Vanaf 1906 werkte Kees Hofker als persfotograaf, eerst freelance, later in vaste dienst van Het Leven. Meer dan 25 jaar lang doorkruiste hij Amsterdam met zijn camera en bracht hij de stad en het leven van Amsterdammers in vele duizenden foto’s in beeld. Omdat hij aan ischias leed, viel het lopen hem zwaar en verplaatste hij zich vaak per fiets. Onder Amsterdammers stond hij bekend als ‘de fotograaf van Het Leven’ en als ‘de man met de baard’ (Hofker beschikte over een imposante baard). Als socialist (hij was lid van de SDAP) achtte hij vakorganisaties van belang en hij stond aan de wieg van de in januari 1931 opgerichte Nederlandsche Vereeniging van Persfotografen, waarvan hij de eerste voorzitter werd.
In 1935 werd hij wegbezuinigd bij Het Leven en ging hij verder als freelancer. Dat lukte maar moeizaam en in september 1936 vertrok hij naar Zuid-Afrika om daar een nieuw bestaan op te bouwen. Zijn vrouw en drie dochters bleven nog achter in Amsterdam. Nauwelijks drie maanden later kwam Hofker om bij een treinongeluk in Rondebosch (Kaapstad) op 18 december 1936.
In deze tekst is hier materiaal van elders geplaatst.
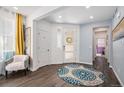 Inviting entryway features a stylish rug, modern door, and an abundance of natural light at 3522 N Buchanan Way, Aurora, CO 80019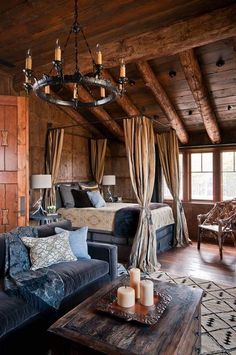 a living room filled with furniture and a chandelier hanging from the ceiling next to a bed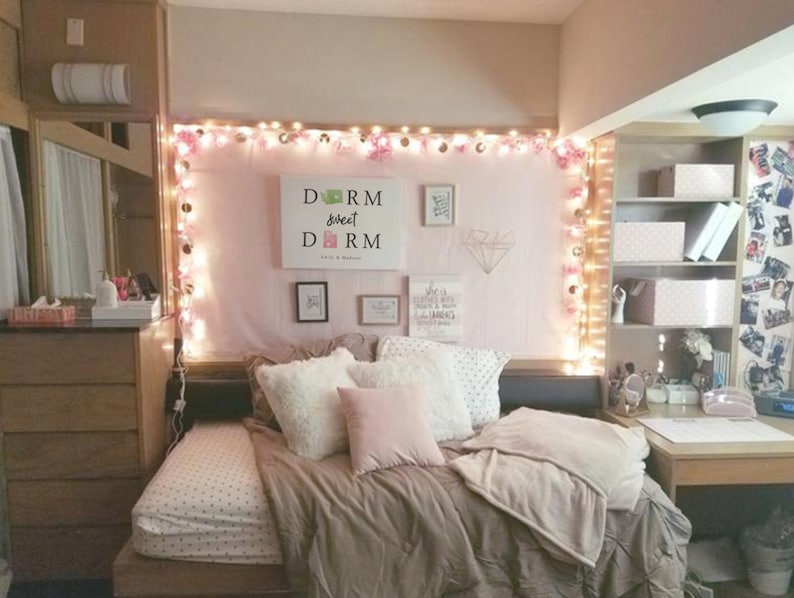 May include: A dorm room with a pink and white bedspread, a white headboard with string lights, and a sign that says "Dorm Sweet Dorm".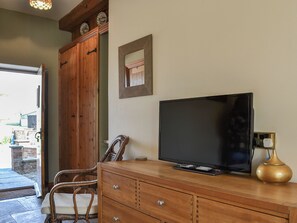 A wooden cabinet with a flat-screen TV, a wicker chair, and a small table with a vase.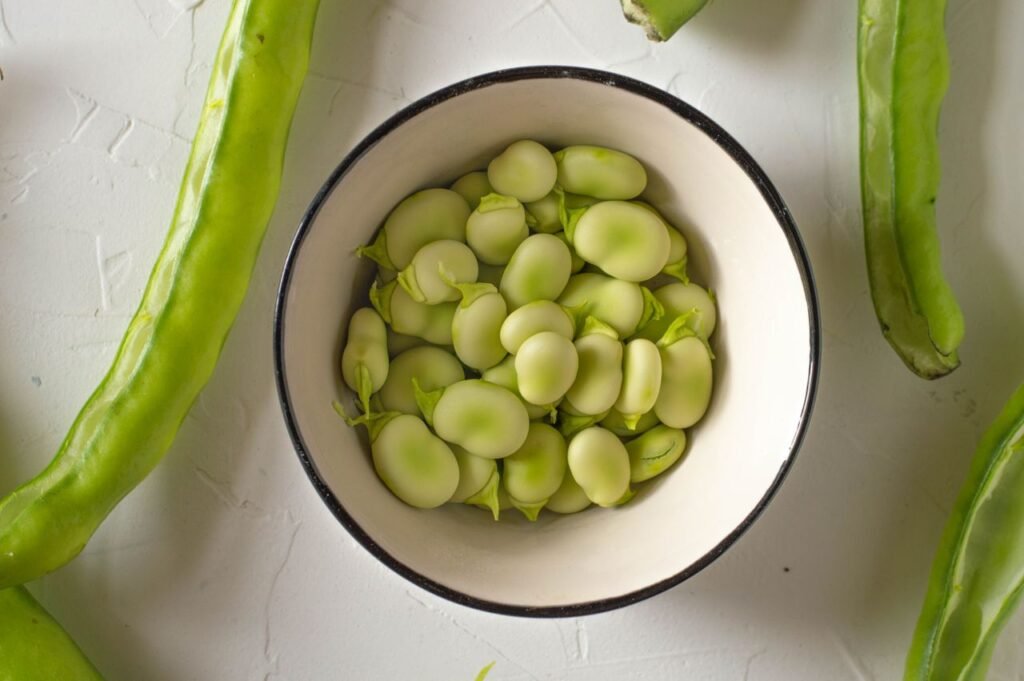 A top-down view of fresh broad beans in a bowl, showcasing their vibrant green color.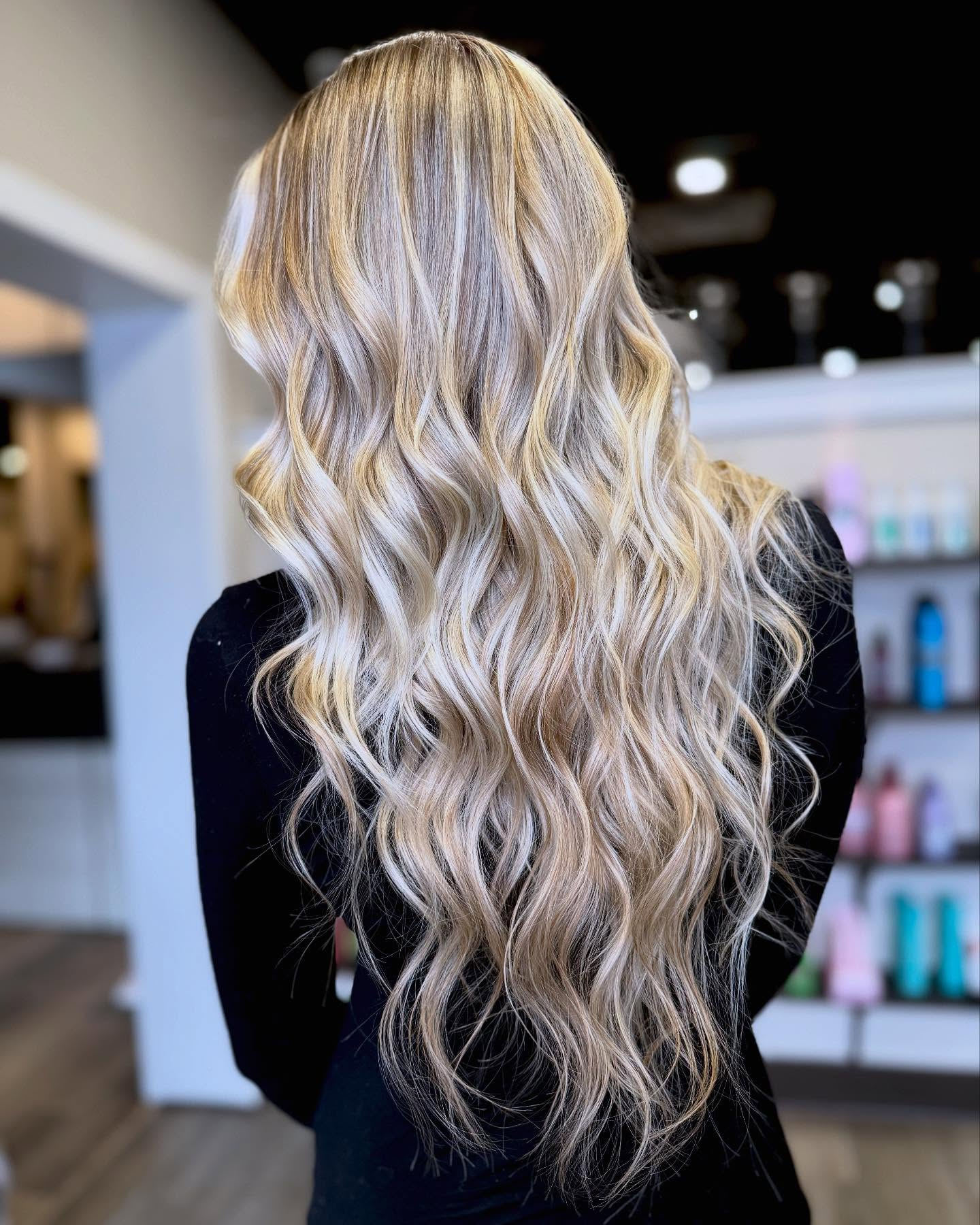 Mirror image of a blonde hair style with beautiful layers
Hofker maakte nagenoeg alle foto’s voor het monumentale, 623 pagina’s tellende boekwerk Amsterdam zooals het leeft en werkt van J.C.E. Sand en Piet Bakker (Amsterdam: Scheltens & Giltay, 1933). Hij noemde het zijn levenswerk.
Familie
Hofker trouwde in 1914 met Janna Christina Erkens (1888-1941), met wie hij drie dochters kreeg.